No one prepares you for parenthood.

It’s not their fault. It’s impossible to prepare someone for it.

I was told, countless times, that having a child would change my life. That having a child would be exhausting. That having a child would be unimaginably difficult. That having a child would bring more joy, and devastation, than anything else ever had or would.

I listened. I nodded. I thought to myself, of course it will be difficult! I get that!

No one can prepare you for the sleep deprivation you face when your baby is a newborn. No one can prepare you for the tears you will shed as you attempt to take care of a small, helpless, being on two hours of scattered sleep over the previous four nights.

I listened to advice. I nodded. I smiled. I get it. I know having a baby is hard, I thought.

No one can prepare you for how quickly your baby will learn to crawl. And then walk. No one can prepare you for the fear that will race through your spine as you see your baby take their first nasty fall.

Over and over people warned me that these things would happen. I listened. I understood. Babies fall. They hurt themselves. They crawl, they walk, and then they run.

No one can possibly prepare you for the joy that you will feel with that the first smile, the first giggle, the first “mama” that comes through their little mouth. “It’s the most amazing feeling in the world!” I heard them say. I listened. I knew that it would be.

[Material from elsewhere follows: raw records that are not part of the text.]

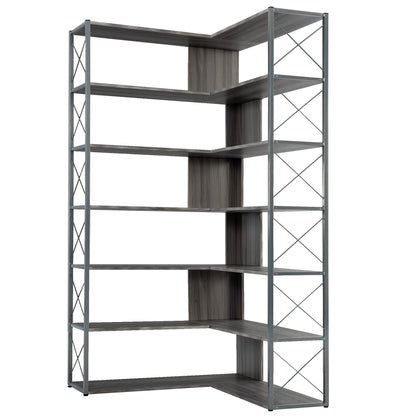 L-Shaped Corner Bookcase - Silver+Grey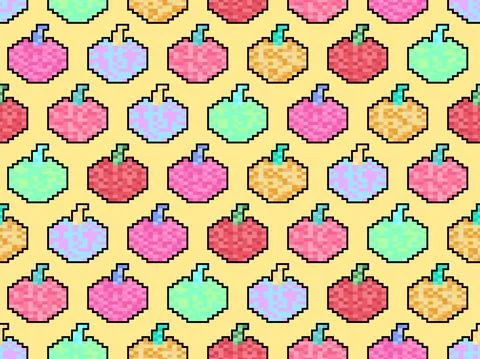 Apple seamless pattern in pixel art style. 8 bit multicolored apples  in 2D Stock Illustration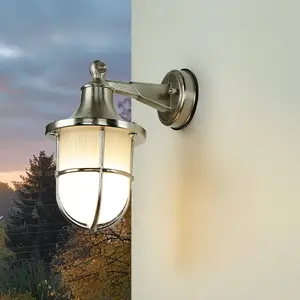 Licht-Erlebnisse Außen Wandlampe IP64 Maritim Echt-Messing Riffelglas ...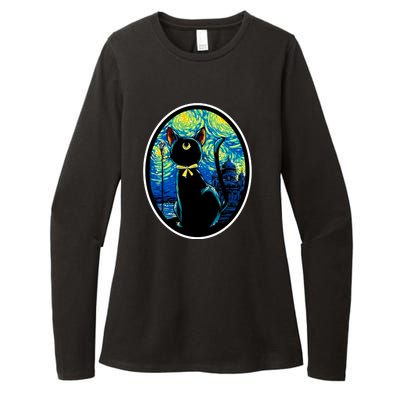 Sailor Moon Cat Starry Night Van Gogh Womens CVC Long Sleeve Shirt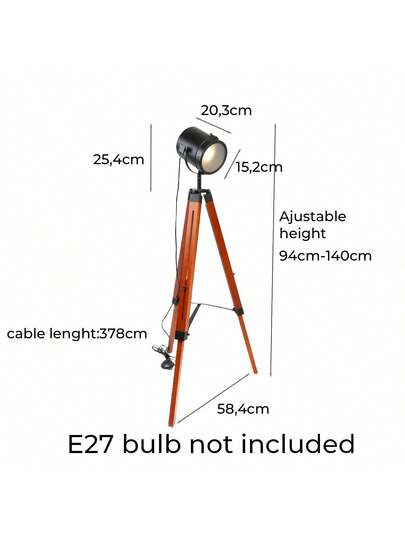 Alpinaluz Cinema Tripod Vloer Lamp, Natural Wood, Adjustable Focus Height, Vintage E27, Living Room Bedroom view 3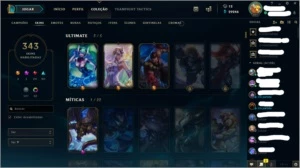 DIAMANTE 4, TODOS CAMPEÕES, 343 SKINS - League of Legends LOL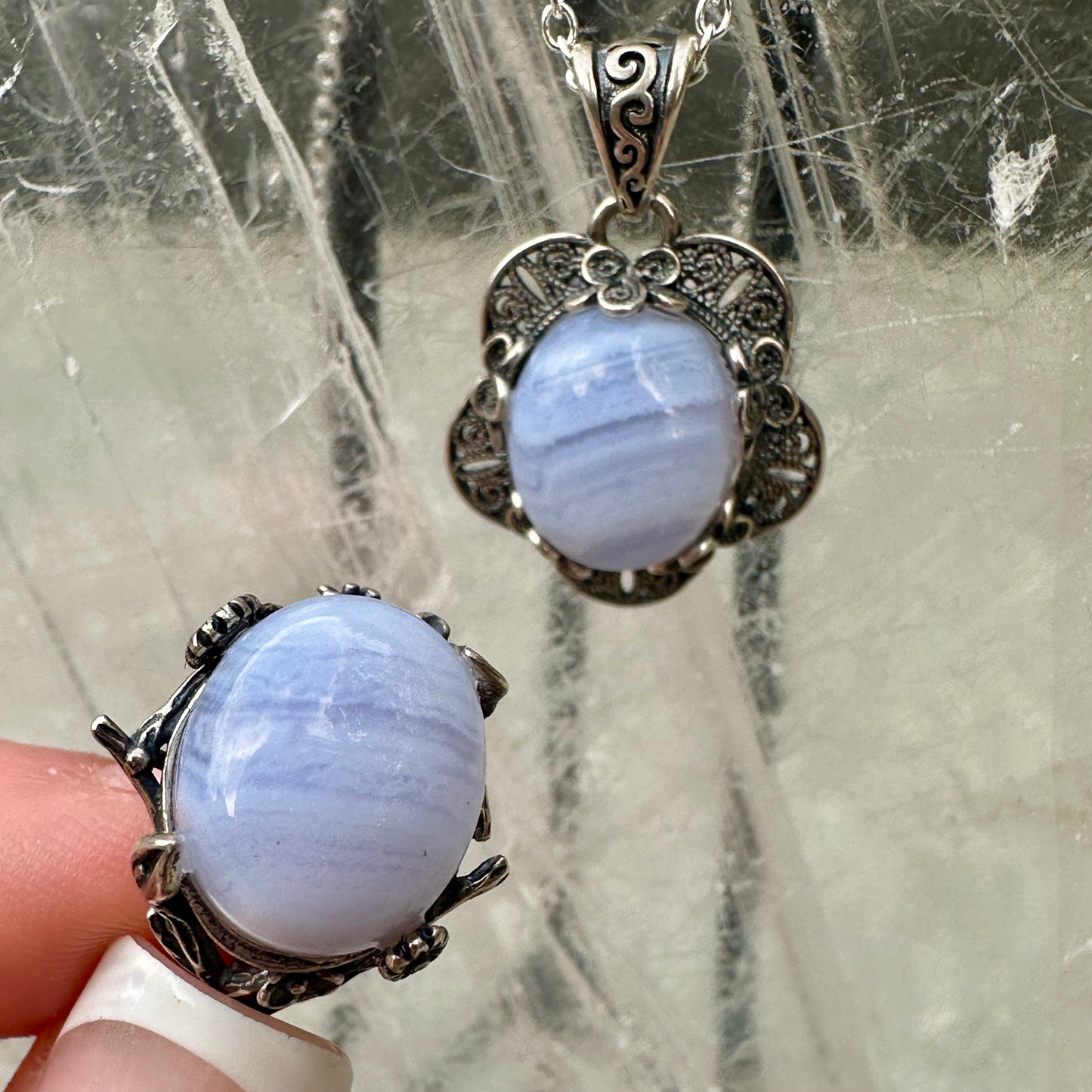 Blue Lace Pendant & Ring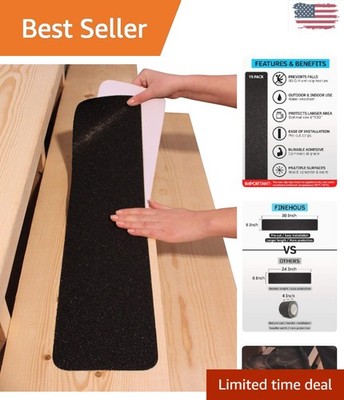 Black Anti-Slip Tape for Stairs: 6''x30'' Pre-Cut Strips - Family Safety Essential
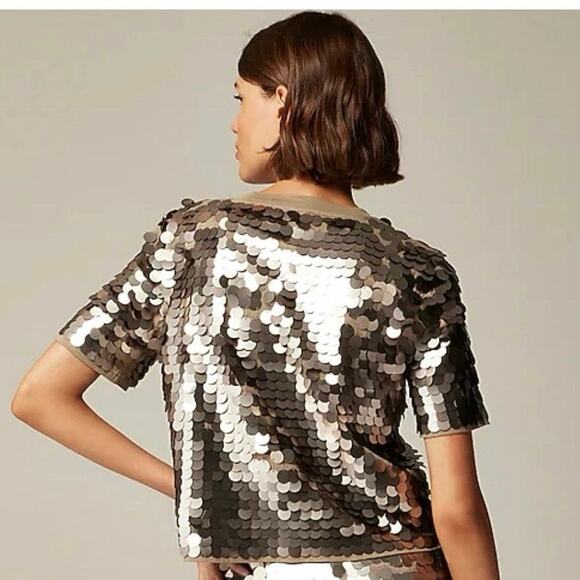 J. Crew Collection Sequin-Embellished T-Shirt Short Sleeve Silver Size M NWT - Picture 2 of 13
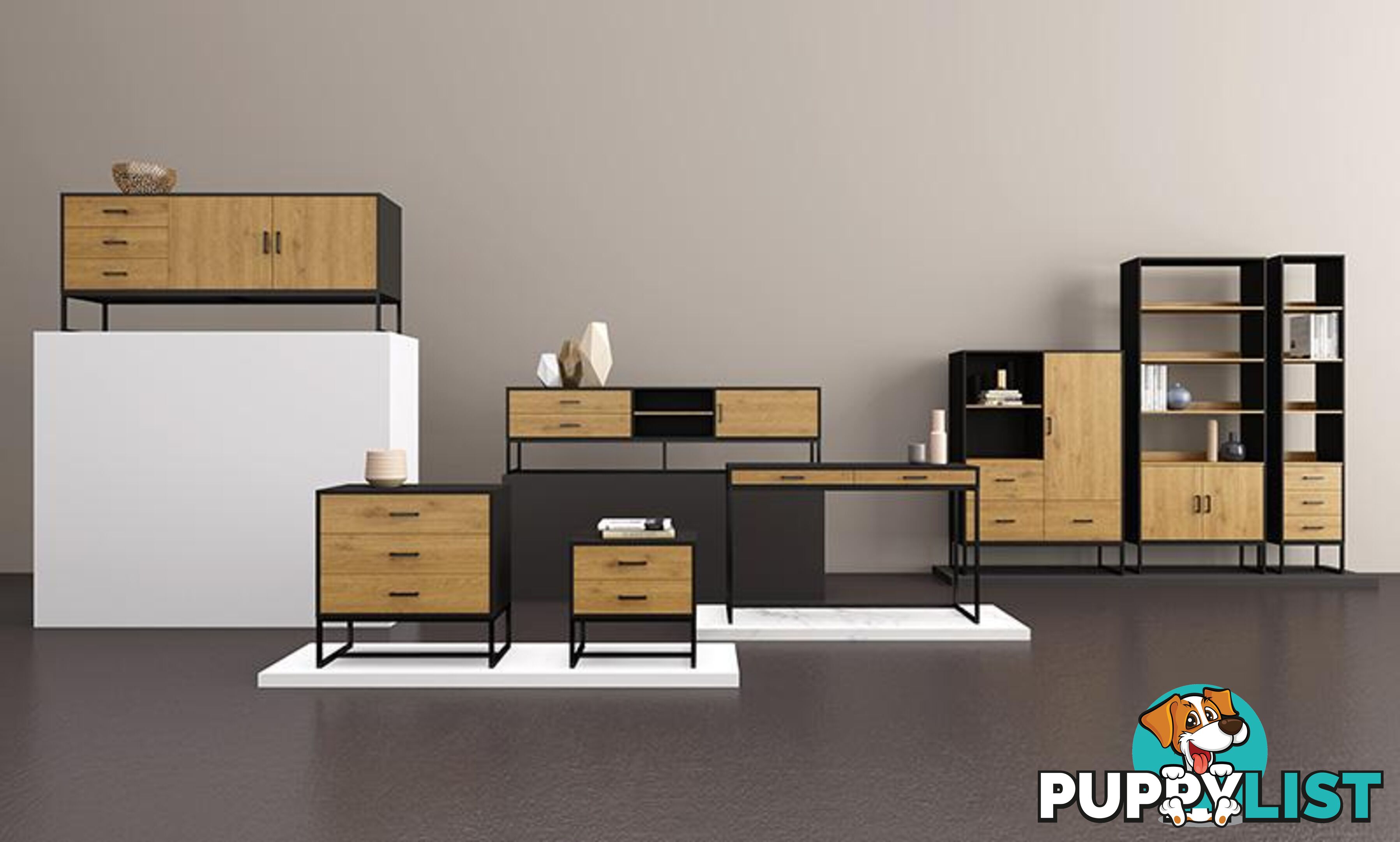 AMSTER Bookshelf Display Wall Unit 80cm - Natural & Black - AS-AMSTERBS02 - 9334719010816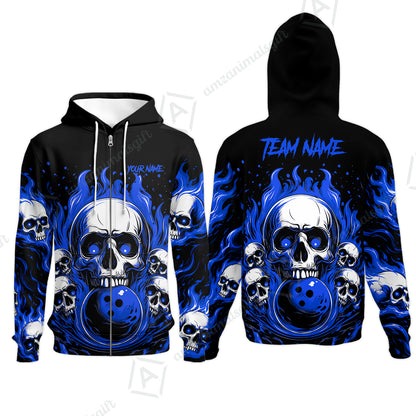 Zip Hoodie||Blue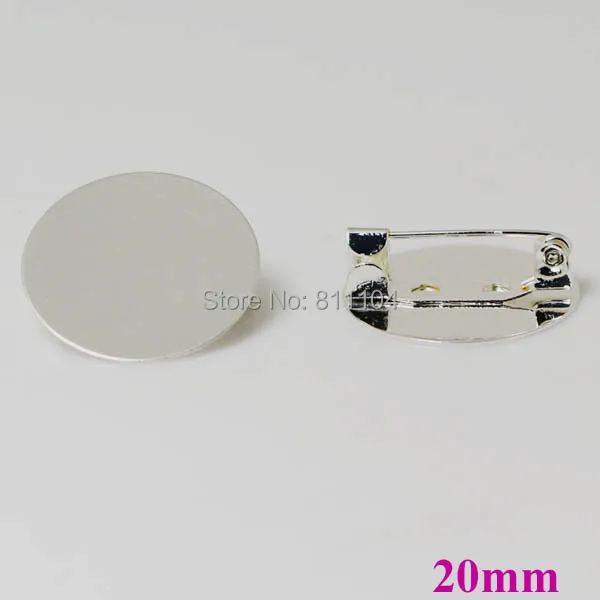 20 мм Посеребренная латунная пустая Плоская Круглая Прокладка рамка лоток брошь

Everyone told me that two would be worse than one, and that three would be harder than two. I get it! Three is hard, blah blah blah. Three year olds will fight you to to the death, they told me.

No one can prepare you for the guilt you will feel as you attempt to raise that fighter of a three year old. The awful feeling of knowing you are doing the right thing only to have your child exclaim, “I hate you!” through tears.

I was told it would come. I expected it to come. I get it!, I thought, of course he won’t mean it!

Everyone told me that it would be the hardest thing I’ve ever done, the hardest thing I will ever do. I thought, I get it.

No one prepares you for the laughter. No one can prepare you for how much joy you will take out of the silly things they say. “We weren’t very close,” Alex told me when I asked if he missed one of his daycare friends who had started preschool.

No one can prepare you for how much joy you feel for your child. How what they do is the most amazing thing any child has ever done. How what they say is funnier than another child saying the exact same thing. How when they say they love you it gets stored away forever, and how when they say they hate you it also does.

No one can prepare you for parenthood.